If you live in the Seattle area, as I do, you probably know a windstorm blew through here last night and knocked out power to thousands of homes. One of them may have been yours. And you also probably know we have two power companies, one city-owned, the other investor-owned. (The Pacific Northwest has a long history of battles between public vs. private power; but I won’t go into that here.) Here’s an interesting story from The Seattle Times:

“At the height of the storm, power went out for more than 50,000 Seattle City Light customers and more than 110,000 Puget Sound Energy customers …. By Sunday morning, City Light had restored power to all but about 7,000 customers, whittling that number down to 583 Sunday night. But more than 60,000 PSE customers woke up to no power Sunday … and about 38,155 were still waiting for their electricity Sunday evening. PSE estimated Sunday that some … customers may not have power until late Monday night….”

http://seattletimes.com/html/localnews/2024881325_windstormdamages1xml.html

Huh??  The socialist power company is kicking capitalist butt?! Isn’t private enterprise, you know, more efficient? What happened? But wait, there’s more, this always happens after every windstorm! More PSE customers lose power, and wait longer to get it back, every time! How can that be?

Hmmm …

Roger Rabbit icon

P.S., if you’re reading this you’re probably a City Light customer, because if you’re a customer of our local capitalist power company you’re most likely still freezing in the dark. Folks, try to keep the laughter down, please! Remember, people are suffering out there …


0 Comments Add Yours ↓

  1. Mortimer Schnerd #
    1

    Maybe PSE has more customers than Seattle City light, so that their actual failure rate is lower.

    Maybe PSE customers live in less densely populated regions where there is more territory to patrol for outages or where there is less redundancy in the grid.

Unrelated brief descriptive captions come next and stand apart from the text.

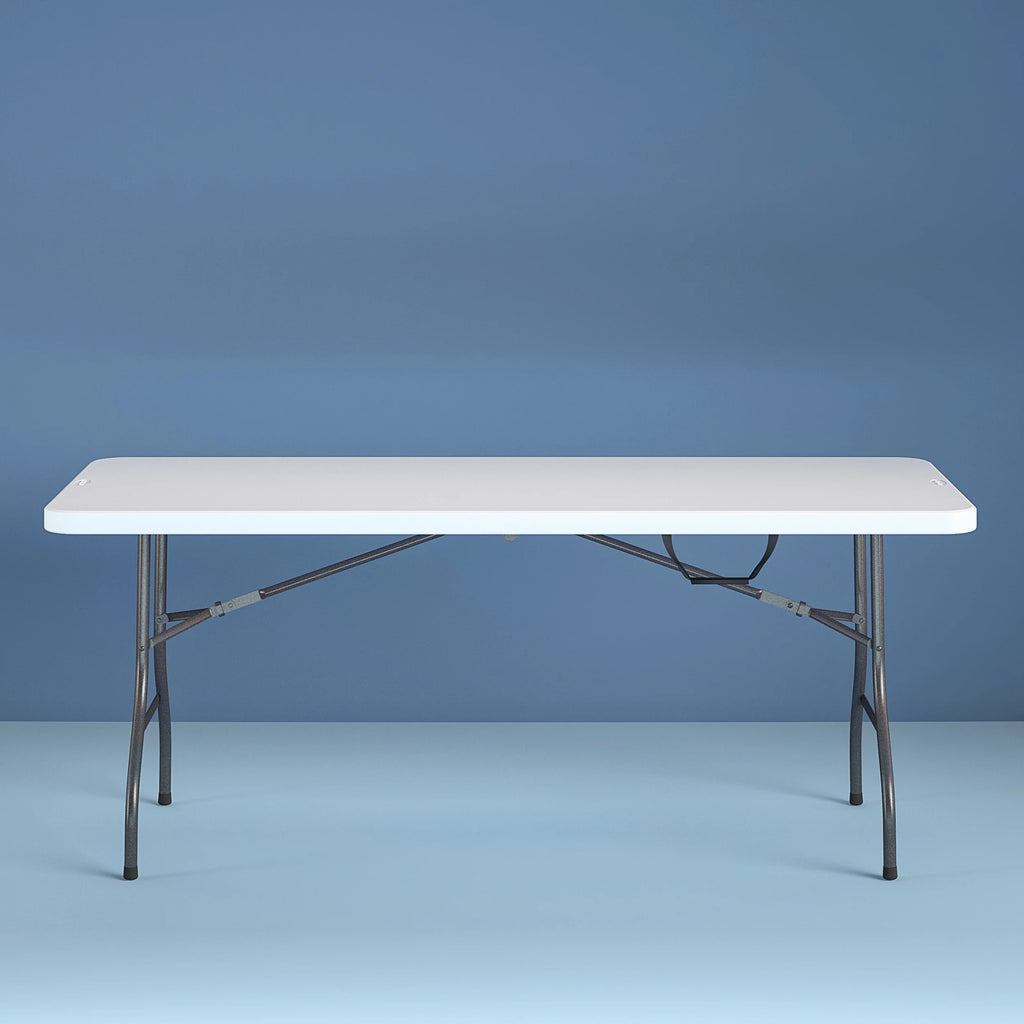8 Foot Folding Table P483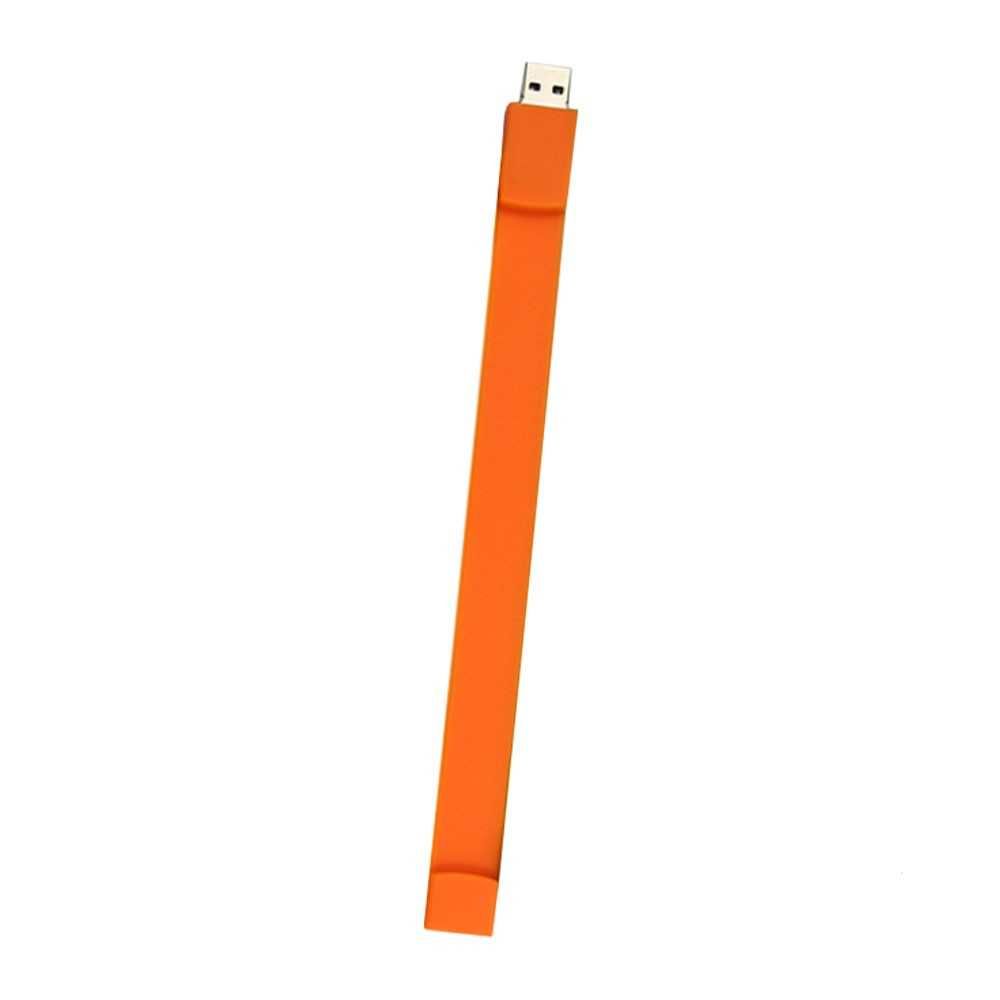 USB Флеш накопитель - флешка браслет 32Гб Usb 2.0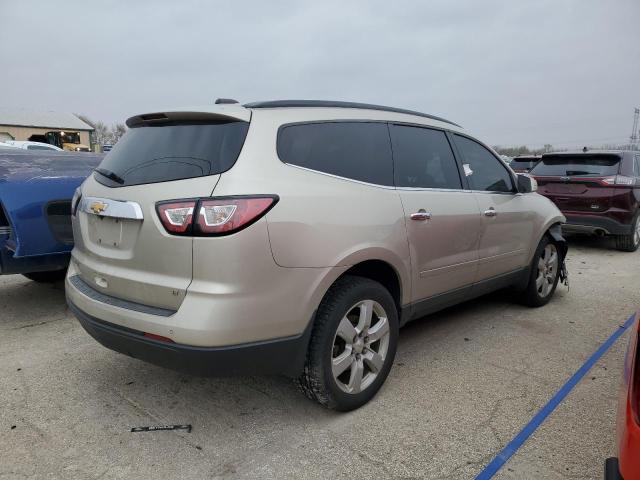 Photo 3 from auction – 2017 CHEVROLET TRAVERSE L with VIN 1GNKRGKD6HJ187085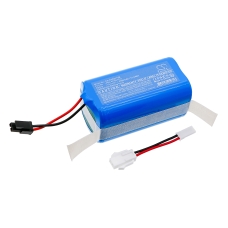 Compatible battery replacement for Concept PNC423894511
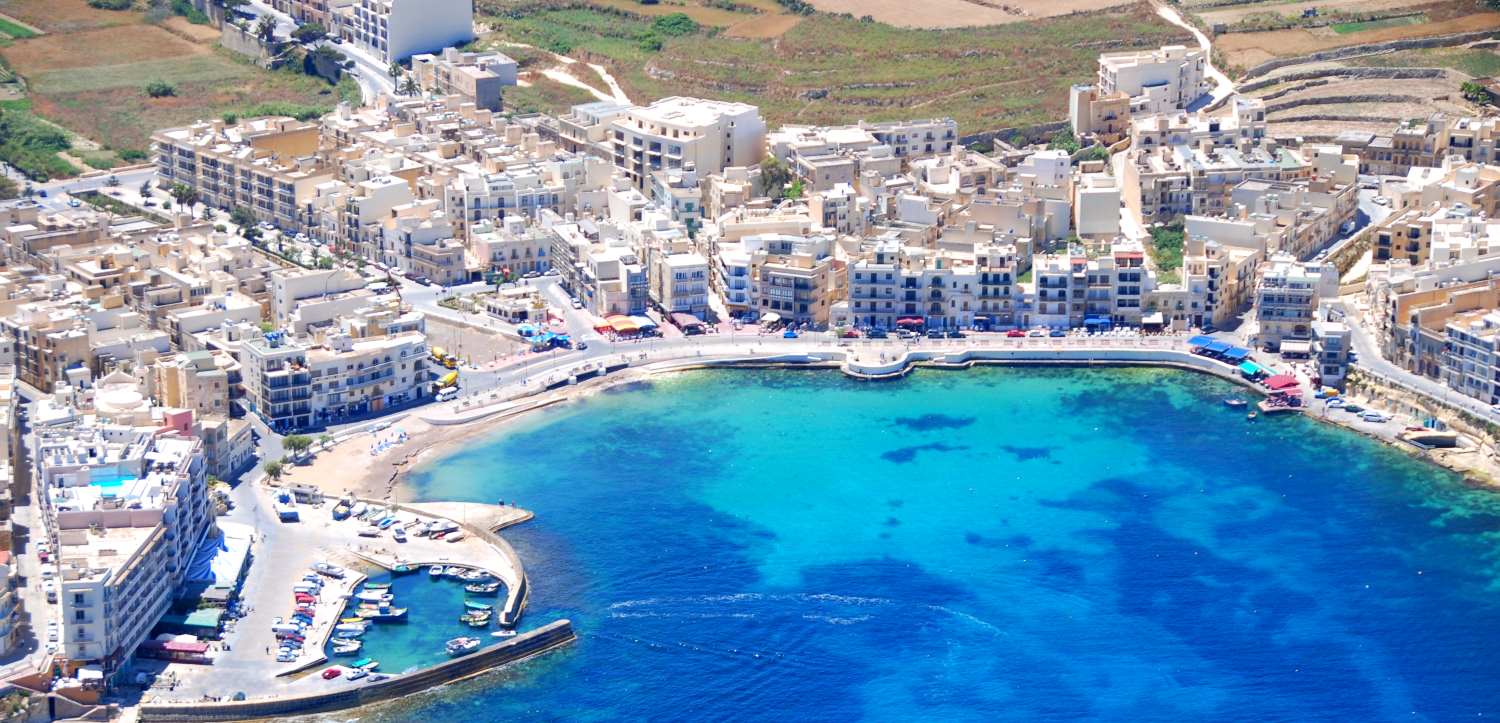 Discover Southern Malta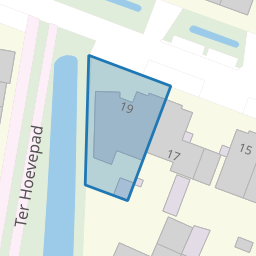 Perceel PTN01-N-4134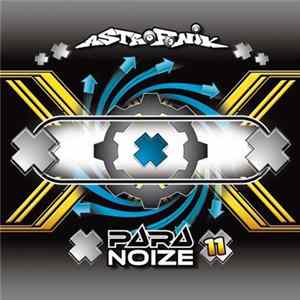 Various - Para-Noize 11 FLAC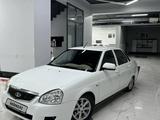 ВАЗ (Lada) Priora 2170 2015 годаүшін2 500 000 тг. в Кызылорда – фото 4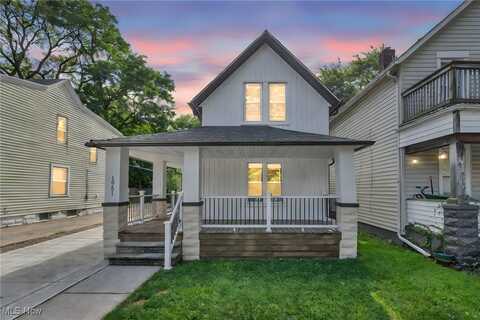 1951 W 58th Street, Cleveland, OH 44102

    Maybe PSE customers live on more rugged terrain that is more vulnerable to power outages from trees or other natural hazards.

    Maybe most storms come from a particular direction, such as near mountains or adjacent to the Sound, where more PSE customers happen to reside.

    Maybe PSE charges customers less, enabling them to use their savings for other things, such as purchasing a backup generator, if they desire to be prepared.

    You assume that Seattle City Light only deploys governmental resources. Do they not also subcontract to for-profit contractors, similar to how WSDOT hires private firms for road projects?

    Isn’t Seattle City Light the same organization that was recently taken in big time by a preposterous story from copper thieves? Wasn’t the person at Seattle City Light who was duped one of the most highly paid officials in local government?

    Is this website ‘socialist?’ Does it do a better job on things like accuracy, grammar, punctuation, spelling, illustration, fairness, etc. than ‘capitalist’ news organizations like The Stranger?